Start of Data listing

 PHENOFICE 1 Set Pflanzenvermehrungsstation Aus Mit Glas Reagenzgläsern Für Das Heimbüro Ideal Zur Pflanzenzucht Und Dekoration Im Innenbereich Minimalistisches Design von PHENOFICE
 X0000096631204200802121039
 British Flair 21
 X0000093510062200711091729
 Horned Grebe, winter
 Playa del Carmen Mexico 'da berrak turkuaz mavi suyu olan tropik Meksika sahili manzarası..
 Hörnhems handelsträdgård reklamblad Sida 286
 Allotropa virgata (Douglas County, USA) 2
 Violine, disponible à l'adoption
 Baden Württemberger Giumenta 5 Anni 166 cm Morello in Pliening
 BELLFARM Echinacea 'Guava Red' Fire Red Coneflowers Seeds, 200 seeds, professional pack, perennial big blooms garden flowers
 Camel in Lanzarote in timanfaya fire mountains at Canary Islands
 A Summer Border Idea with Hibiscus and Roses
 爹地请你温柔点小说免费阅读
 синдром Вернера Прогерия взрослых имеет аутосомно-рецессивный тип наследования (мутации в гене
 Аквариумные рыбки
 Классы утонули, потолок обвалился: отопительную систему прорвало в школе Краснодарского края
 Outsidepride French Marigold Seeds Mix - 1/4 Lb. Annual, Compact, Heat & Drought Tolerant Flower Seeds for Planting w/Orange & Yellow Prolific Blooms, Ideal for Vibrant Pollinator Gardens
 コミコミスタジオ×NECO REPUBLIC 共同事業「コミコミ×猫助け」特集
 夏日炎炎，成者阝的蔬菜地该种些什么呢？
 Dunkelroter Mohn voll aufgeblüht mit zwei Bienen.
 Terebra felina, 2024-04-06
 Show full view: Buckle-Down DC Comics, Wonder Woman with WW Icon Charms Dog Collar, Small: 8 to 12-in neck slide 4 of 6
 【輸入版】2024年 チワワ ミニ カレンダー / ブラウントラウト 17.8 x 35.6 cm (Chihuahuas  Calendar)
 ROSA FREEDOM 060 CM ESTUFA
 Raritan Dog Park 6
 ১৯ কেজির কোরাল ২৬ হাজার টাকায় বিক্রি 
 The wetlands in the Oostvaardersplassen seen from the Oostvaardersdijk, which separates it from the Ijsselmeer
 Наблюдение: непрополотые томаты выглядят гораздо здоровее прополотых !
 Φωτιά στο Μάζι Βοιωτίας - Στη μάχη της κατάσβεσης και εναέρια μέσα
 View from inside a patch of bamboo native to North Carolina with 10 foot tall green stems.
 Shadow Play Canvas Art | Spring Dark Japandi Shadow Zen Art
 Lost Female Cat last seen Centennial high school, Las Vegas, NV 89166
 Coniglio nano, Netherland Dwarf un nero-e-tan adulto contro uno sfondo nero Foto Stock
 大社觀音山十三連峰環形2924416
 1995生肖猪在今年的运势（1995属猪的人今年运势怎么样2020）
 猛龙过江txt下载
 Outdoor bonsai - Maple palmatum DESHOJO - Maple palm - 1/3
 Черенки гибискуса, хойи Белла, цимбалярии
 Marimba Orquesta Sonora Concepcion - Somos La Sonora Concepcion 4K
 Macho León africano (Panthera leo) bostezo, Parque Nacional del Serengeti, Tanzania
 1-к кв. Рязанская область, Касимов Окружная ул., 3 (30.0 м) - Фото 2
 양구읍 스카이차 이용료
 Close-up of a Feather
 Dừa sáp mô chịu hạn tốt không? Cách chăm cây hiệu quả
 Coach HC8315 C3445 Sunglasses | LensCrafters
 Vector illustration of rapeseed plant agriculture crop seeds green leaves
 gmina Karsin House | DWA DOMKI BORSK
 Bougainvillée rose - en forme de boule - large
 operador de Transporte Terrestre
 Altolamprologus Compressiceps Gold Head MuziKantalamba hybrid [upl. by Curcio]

End of Data listing

> What to do
Every line of the records should be reproduced exactly.

> Exercise output
 PHENOFICE 1 Set Pflanzenvermehrungsstation Aus Mit Glas Reagenzgläsern Für Das Heimbüro Ideal Zur Pflanzenzucht Und Dekoration Im Innenbereich Minimalistisches Design von PHENOFICE
 X0000096631204200802121039
 British Flair 21
 X0000093510062200711091729
 Horned Grebe, winter
 Playa del Carmen Mexico 'da berrak turkuaz mavi suyu olan tropik Meksika sahili manzarası..
 Hörnhems handelsträdgård reklamblad Sida 286
 Allotropa virgata (Douglas County, USA) 2
 Violine, disponible à l'adoption
 Baden Württemberger Giumenta 5 Anni 166 cm Morello in Pliening
 BELLFARM Echinacea 'Guava Red' Fire Red Coneflowers Seeds, 200 seeds, professional pack, perennial big blooms garden flowers
 Camel in Lanzarote in timanfaya fire mountains at Canary Islands
 A Summer Border Idea with Hibiscus and Roses
 爹地请你温柔点小说免费阅读
 синдром Вернера Прогерия взрослых имеет аутосомно-рецессивный тип наследования (мутации в гене
 Аквариумные рыбки
 Классы утонули, потолок обвалился: отопительную систему прорвало в школе Краснодарского края
 Outsidepride French Marigold Seeds Mix - 1/4 Lb. Annual, Compact, Heat & Drought Tolerant Flower Seeds for Planting w/Orange & Yellow Prolific Blooms, Ideal for Vibrant Pollinator Gardens
 コミコミスタジオ×NECO REPUBLIC 共同事業「コミコミ×猫助け」特集
 夏日炎炎，成者阝的蔬菜地该种些什么呢？
 Dunkelroter Mohn voll aufgeblüht mit zwei Bienen.
 Terebra felina, 2024-04-06
 Show full view: Buckle-Down DC Comics, Wonder Woman with WW Icon Charms Dog Collar, Small: 8 to 12-in neck slide 4 of 6
 【輸入版】2024年 チワワ ミニ カレンダー / ブラウントラウト 17.8 x 35.6 cm (Chihuahuas  Calendar)
 ROSA FREEDOM 060 CM ESTUFA
 Raritan Dog Park 6
 ১৯ কেজির কোরাল ২৬ হাজার টাকায় বিক্রি 
 The wetlands in the Oostvaardersplassen seen from the Oostvaardersdijk, which separates it from the Ijsselmeer
 Наблюдение: непрополотые томаты выглядят гораздо здоровее прополотых !
 Φωτιά στο Μάζι Βοιωτίας - Στη μάχη της κατάσβεσης και εναέρια μέσα
 View from inside a patch of bamboo native to North Carolina with 10 foot tall green stems.
 Shadow Play Canvas Art | Spring Dark Japandi Shadow Zen Art
 Lost Female Cat last seen Centennial high school, Las Vegas, NV 89166
 Coniglio nano, Netherland Dwarf un nero-e-tan adulto contro uno sfondo nero Foto Stock
 大社觀音山十三連峰環形2924416
 1995生肖猪在今年的运势（1995属猪的人今年运势怎么样2020）
 猛龙过江txt下载
 Outdoor bonsai - Maple palmatum DESHOJO - Maple palm - 1/3
 Черенки гибискуса, хойи Белла, цимбалярии
 Marimba Orquesta Sonora Concepcion - Somos La Sonora Concepcion 4K
 Macho León africano (Panthera leo) bostezo, Parque Nacional del Serengeti, Tanzania
 1-к кв. Рязанская область, Касимов Окружная ул., 3 (30.0 м) - Фото 2
 양구읍 스카이차 이용료
 Close-up of a Feather
 Dừa sáp mô chịu hạn tốt không? Cách chăm cây hiệu quả
 Coach HC8315 C3445 Sunglasses | LensCrafters
 Vector illustration of rapeseed plant agriculture crop seeds green leaves
 gmina Karsin House | DWA DOMKI BORSK
 Bougainvillée rose - en forme de boule - large
 operador de Transporte Terrestre
 Altolamprologus Compressiceps Gold Head MuziKantalamba hybrid [upl. by Curcio]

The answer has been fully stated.